Wednesday, October 10, 2012

Hello... Hello... Is anybody out there?


I don't know about you, but I have had many times in my life where I am so wrapped up in my own family and the craziness that ensues with our lifestyle that I begin to wonder if we are in fact the only people on the with the following struggles. I can go days or weeks without having a meaningful conversation with anyone not living within the walls of our home. I am consumed by the screaming and fit throwing, poop smearing and urine sprayed on walls, floors and people. I am buried in  laundry, dirty floors, nasty diapers, vomit, and daily routines. Every few seconds it seems that someone has bit, hit, kicked, pushed, shoved, yelled at, or somehow offended another member of the household.  There is not enough time in the day to be a decent wife, mother, daughter, sister, aunt, and friend. I struggle to maintain a semi~clean house, fed and clean children, happy kids and a husband who feels as appreciated and loved as he really is... ( I am really quite blessed  with my husband). I go to bed daily wondering how I could've been more efficient, better prepared, more patient, more loving, calmer in the face of the the nine millionth tantrum that week. I question my skills, my talents, my motivation. I dog myself for my shortcomings and failures. I criticize myself for being too critical towards my children. I review my ability to be judgmental, I am saddened at my ridiculous expectations and standards used to measure others.
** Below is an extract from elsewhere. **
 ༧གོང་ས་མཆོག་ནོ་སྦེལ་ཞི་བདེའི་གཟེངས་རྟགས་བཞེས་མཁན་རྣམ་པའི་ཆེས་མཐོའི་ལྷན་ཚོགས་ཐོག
Then I clothes my eyes, and pray. I ask for forgiveness for the multitude of sins. I ask for a renewed spirit of love, patience, and kindness. I pour my heart out to the Creator, Father, Savior. I find peace in that time with Him. I am thankful for the grace, and mercy that seems never ending. I am reassured. I am ready to do it all again in the morning, or in a few hours should one of the little ones decide not to sleep through the night.....again.